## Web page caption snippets
###
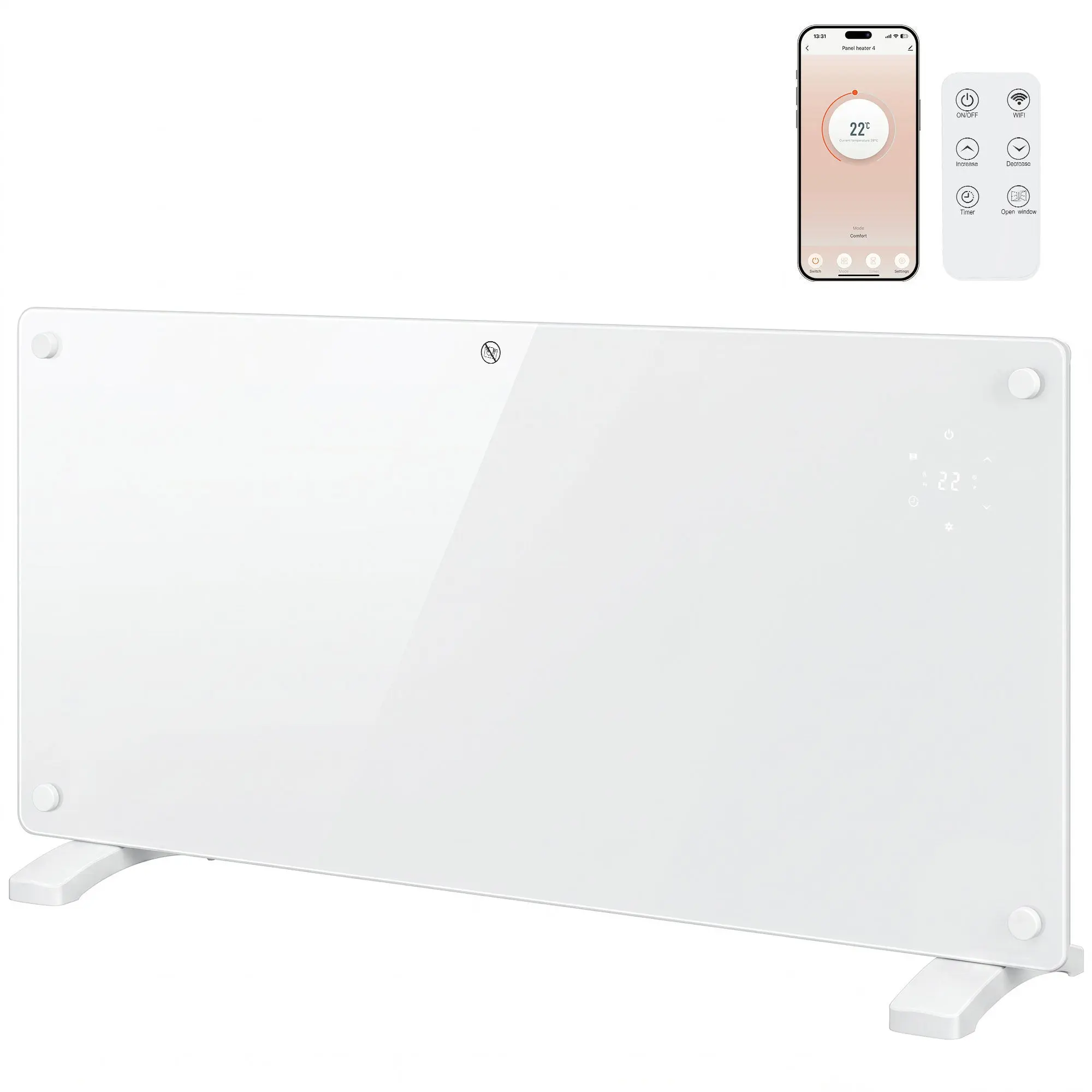Smart 2000W Glass Heater for Wall or Floor with WiFi & Voice, Timer, White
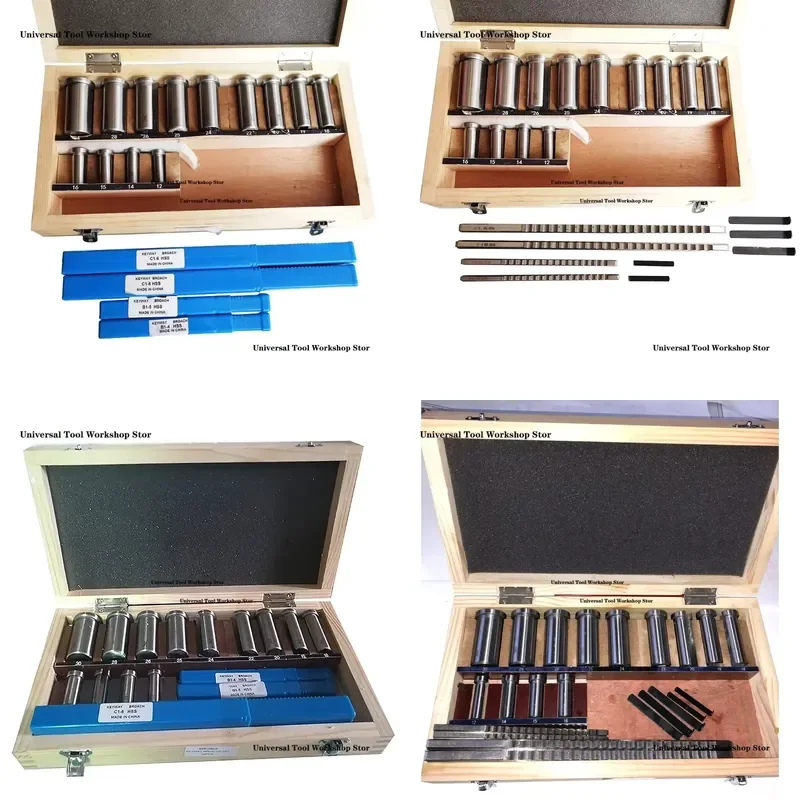 22pcs Keyway Broach Bushing Shim Set Metric 12-30 HSS Keyway Tool for CNC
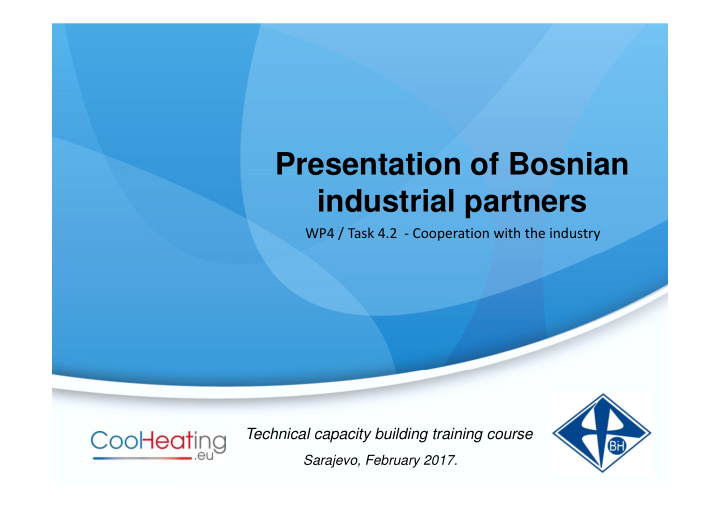 presentation of bosnian industrial partners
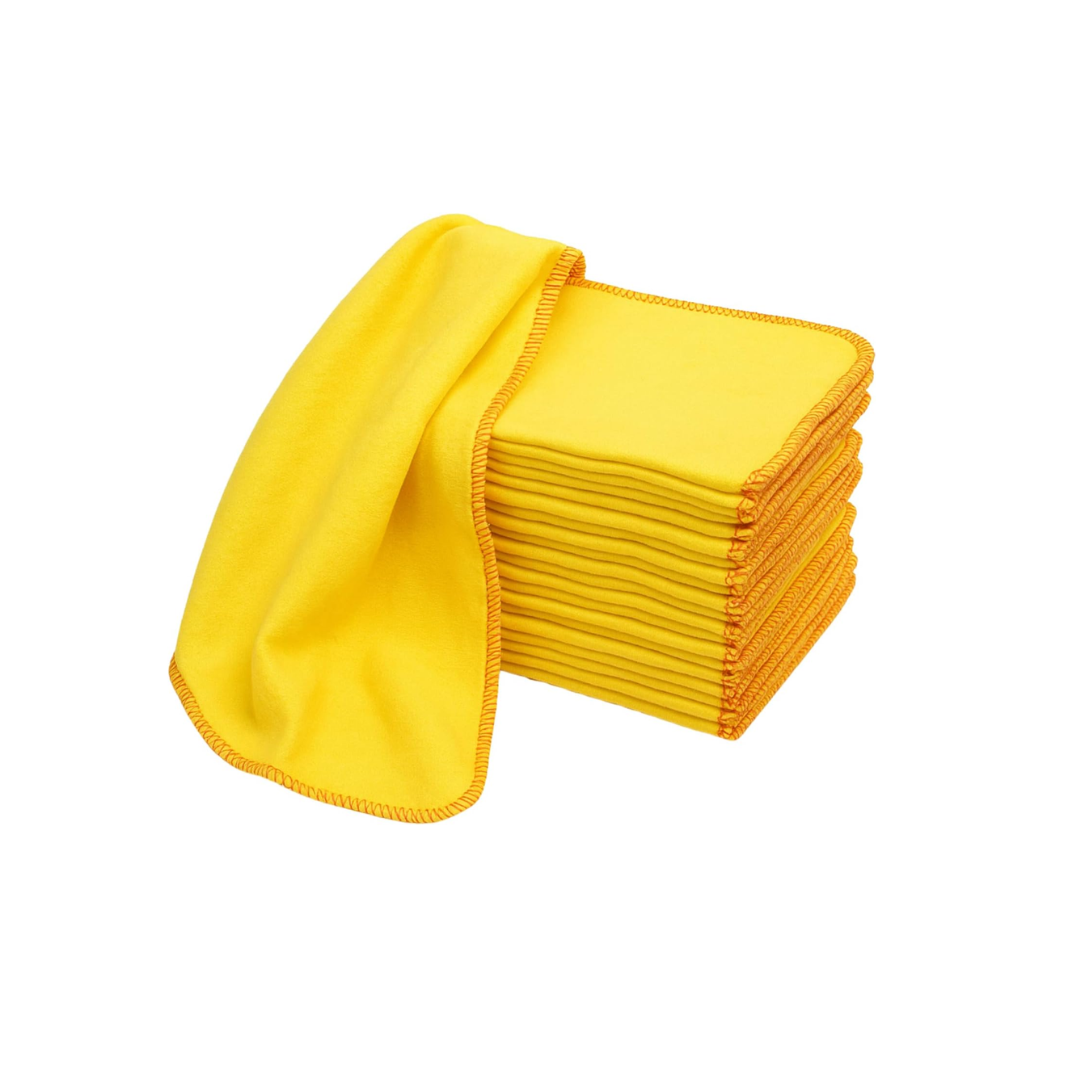 Yellow cleaning dusters pack of 10 general purpose dusting cloths for surface cleaning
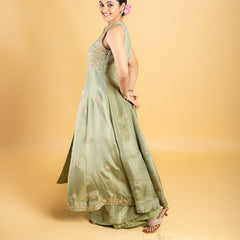 designer hand embroidered anarkali with flared kali pant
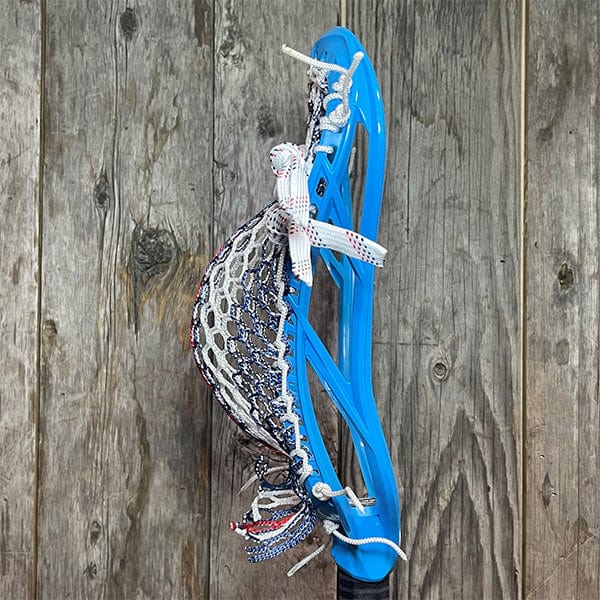 Maverik Mens Heads Blue/USA Lax Fan Custom Strung Blue Maverik Optik 3 Mens Lacrosse Head with 2024 USA Hero 3.0 Mesh from Lacrosse Fanatic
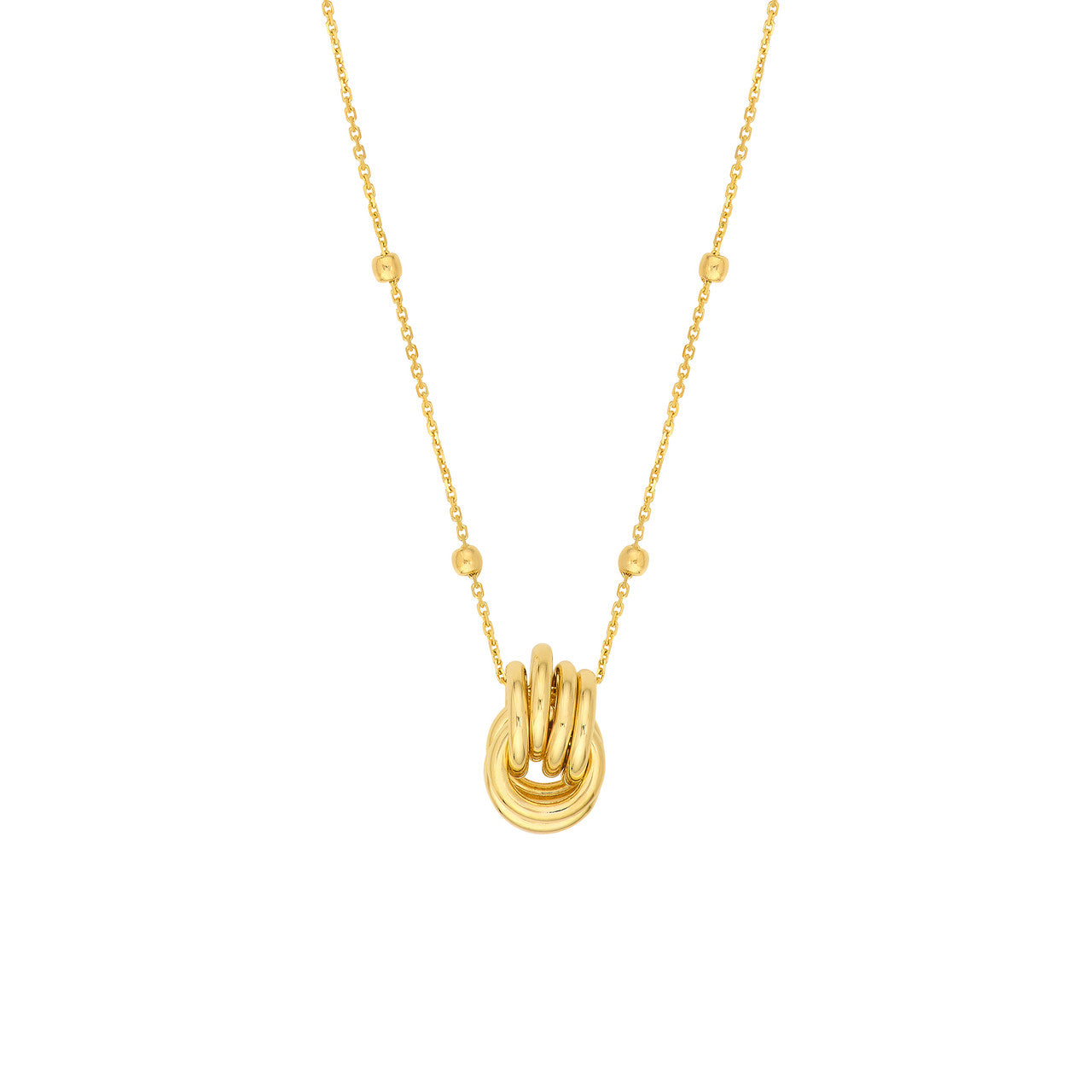 14K Yellow Gold Love Knot Pendant Bead Station Necklace - Queen May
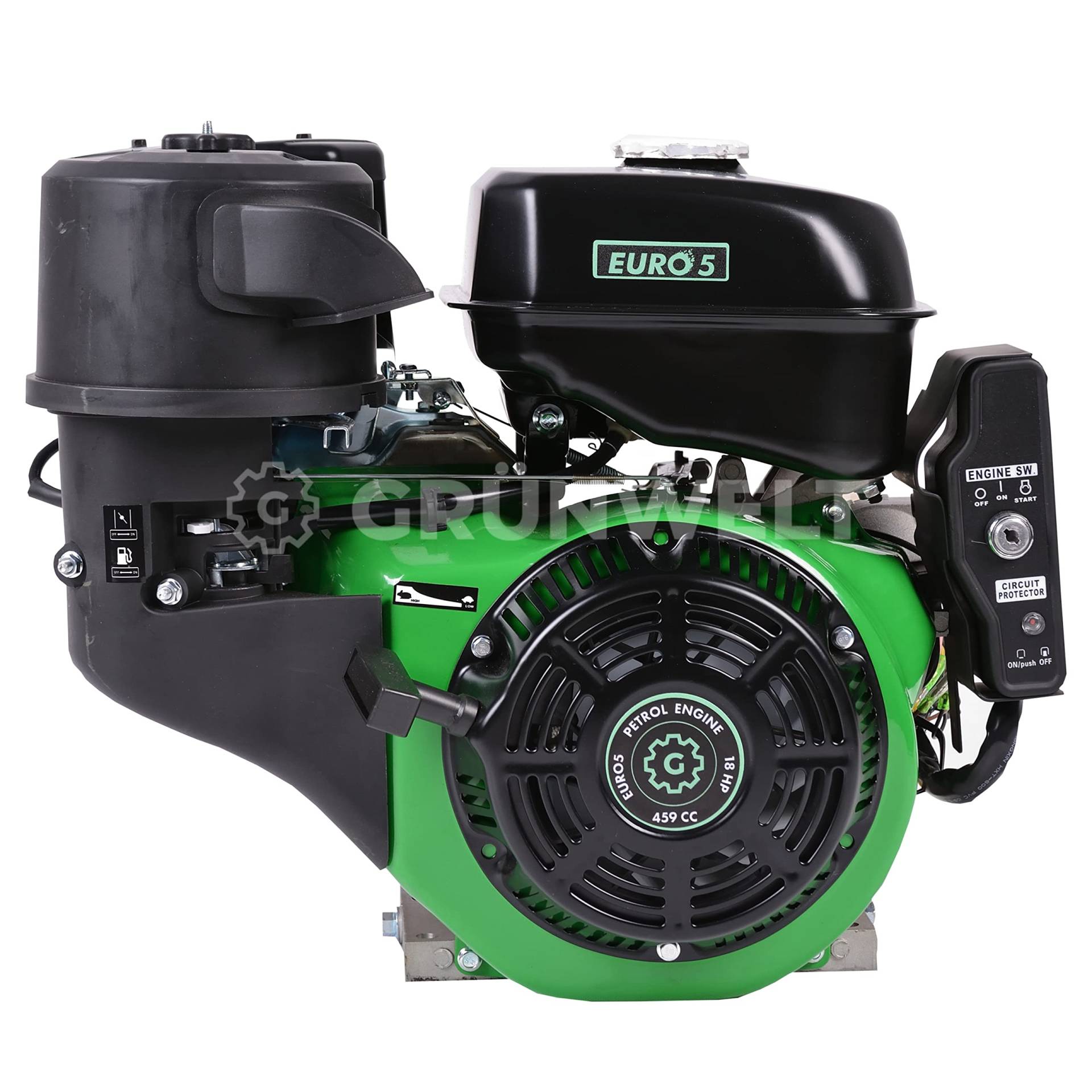 Grünwelt GW460E 18 PS 460 ccm Benzinmotor KW 25 mm 4-Takt Benzinmotor EURO 5 Standmotor Kartmotor Ersatzmotor 2 Jahren Garantie von G GRÜNWELT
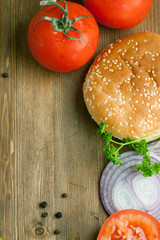 Fresh tomatos and burger's bun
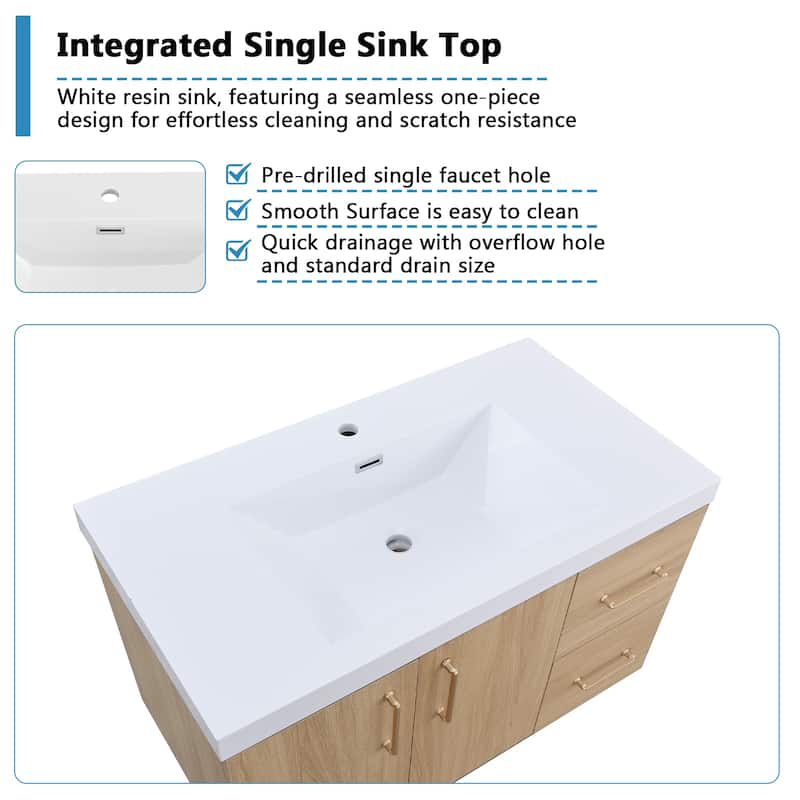AlbyonD 24" 30" 36" Floating Bathroom Vanity with Sink and Faucet, Natural Oak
###
## REQUIREMENT
Leave every picture out and write out, word for word, the lines from the one that contains "Grünwelt GW460E 18" through the last line of the records.

## THE COMPLETED TASK
 Grünwelt GW460E 18 PS 460 ccm Benzinmotor KW 25 mm 4-Takt Benzinmotor EURO 5 Standmotor Kartmotor Ersatzmotor 2 Jahren Garantie von G GRÜNWELT
 Fresh tomatos and burger's bun
AlbyonD 24" 30" 36" Floating Bathroom Vanity with Sink and Faucet, Natural Oak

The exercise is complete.